ImageAn amused Shelter Khilongwa being told her employers have been living on peanut butter sandwiches fro two weeks.

 

 

 

Tens of thousands of Batswana allergic to housework bowed and thanked their Maker this week as their overworked and underappreciated Zimbabwean house-helps started trickling through the border fence holes, returning from the recent Christmas holidays. The festive break is said to have crippled many a household across the country as a majority of homeowners along with their spoilt children cannot perform even the most basic of tasks as pick up a broom and sweep.

 

“I watched CNN the whole of last week crossing my fingers there wouldn’t be a report of a mass shooting in Mutare or the Zim border being bombed or something”, said a relieved self-professed couch potato Mavis Kgang, a Gaborone bank teller.

“I was forced to feed my family takeaways the whole time as Marvelous (Rwelengera, the maid) was not here to cook. Worse, I had to buy my husband new boxer shorts every single day because only she (Marvelous) knows where the clean ones are.

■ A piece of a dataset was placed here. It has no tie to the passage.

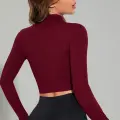 LYYN Kadın Bordo Uzun Kol Fermuarlı Parmak Geçme Detaylı Dik Yaka Crop Top Bluz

Of course if she was here she’d wash the ones piled up, along with my panties.”

 

The absence of the holidaying maids is said to have reached epidemic status across workplaces Monday as 78% of workers showed up with either creased collars, wrinkled shirts, unkempt hair, mismatched socks, dirty shoes or skirts stained with drops of mayonnaise (or at least what looked like mayonnaise).

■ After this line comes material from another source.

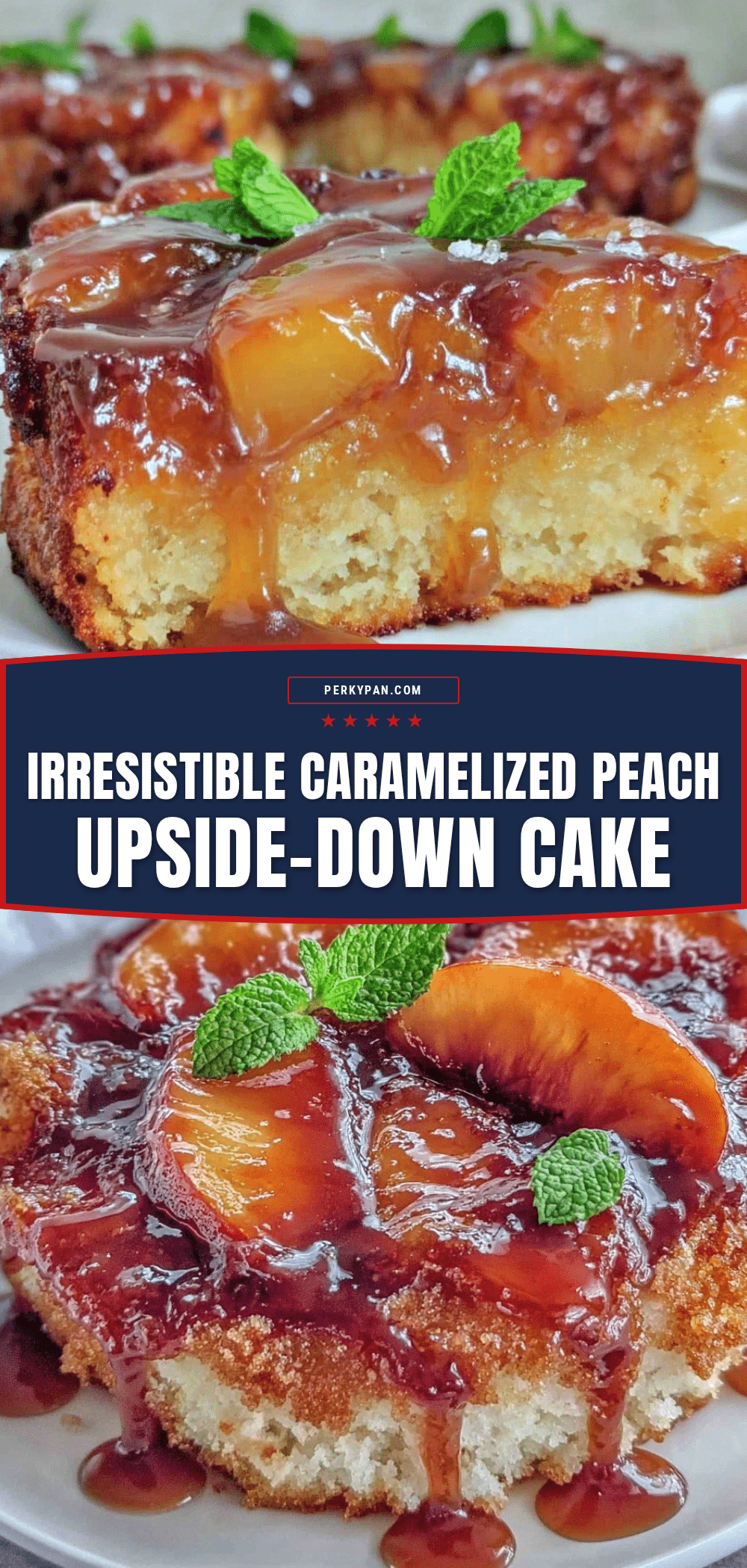 caramelized peach upside-down cake recipe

Most bosses however, were quite understanding as they were going through the same ordeal themselves, having showed up an hour late to work, owing to no one waking them up.

 

But disorganized households might not have been the biggest worry, Batswana reported, as many of them had to face some ugly truths with no one to blame but their own family members.

 “I’ve been noticing some really strange things around here. First some money went missing. Next half a dozen plates got broken, the phone bill skyrocketed, and just yesterday I find my sex toy in the top drawer and not the bottom one where I usually put it. And it had clearly been in recent use.” a puzzled Jwaneng resident Irene Katlholo told The Clay Cow.

“Now naturally, this would all be Nominee’s (the maid) doing.  All of it. But it’s just Richard and I in this house, no one else. Obviously Nominee has some mystical powers and is doing this from Bulawayo, right? Or could my husband be…the sex toy….could he have gotten curious and….” the poor lady queried, stuttering and holding back the tears.

 

Having suffered the nightmare of their helpers’ absence for what seemed like eternity, Batswana across the country swore to lock them indoors 24/7 and work them like slaves without showing even a shred of appreciation while making sure  to underpay them.

It was unanimously agreed that all Zimbabwean housemaids would not be let off to Masvingo, Hwange and Kadoma for the upcoming Easter holidays.